▸ **Raw data**
※ ※ ※

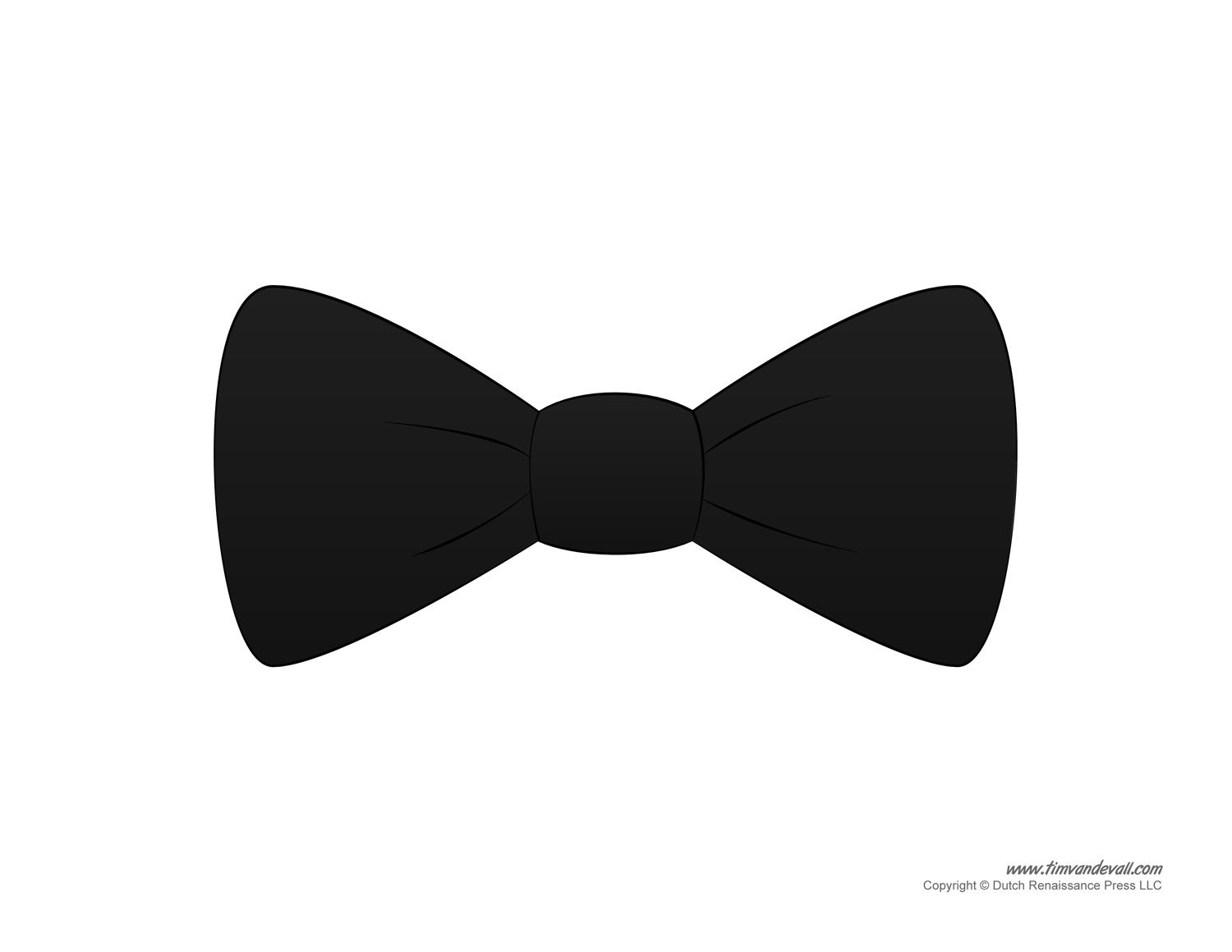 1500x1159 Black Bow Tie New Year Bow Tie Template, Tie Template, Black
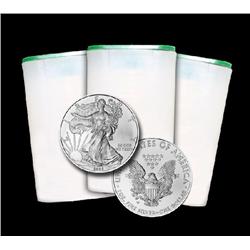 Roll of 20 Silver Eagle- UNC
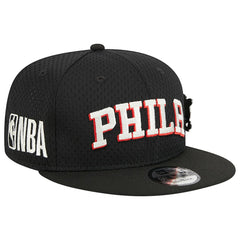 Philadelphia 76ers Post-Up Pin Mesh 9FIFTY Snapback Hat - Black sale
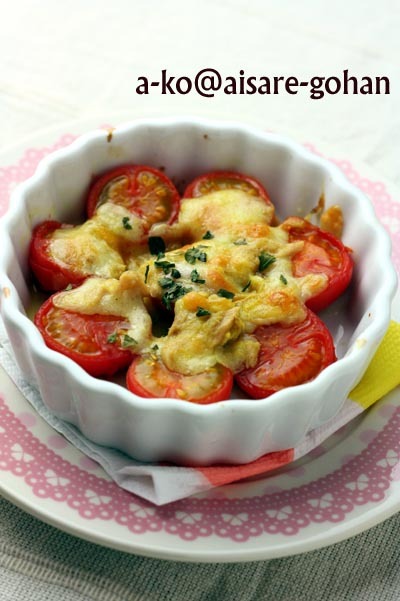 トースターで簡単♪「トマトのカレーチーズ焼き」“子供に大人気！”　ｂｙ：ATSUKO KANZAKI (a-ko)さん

※ ※ ※

▸ **Work instruction**
Leave out the pictures and copy the rest of the material above exactly.

▸ **Exercise result**
 1500x1159 Black Bow Tie New Year Bow Tie Template, Tie Template, Black
 Roll of 20 Silver Eagle- UNC
 Philadelphia 76ers Post-Up Pin Mesh 9FIFTY Snapback Hat - Black sale
 トースターで簡単♪「トマトのカレーチーズ焼き」“子供に大人気！”　ｂｙ：ATSUKO KANZAKI (a-ko)さん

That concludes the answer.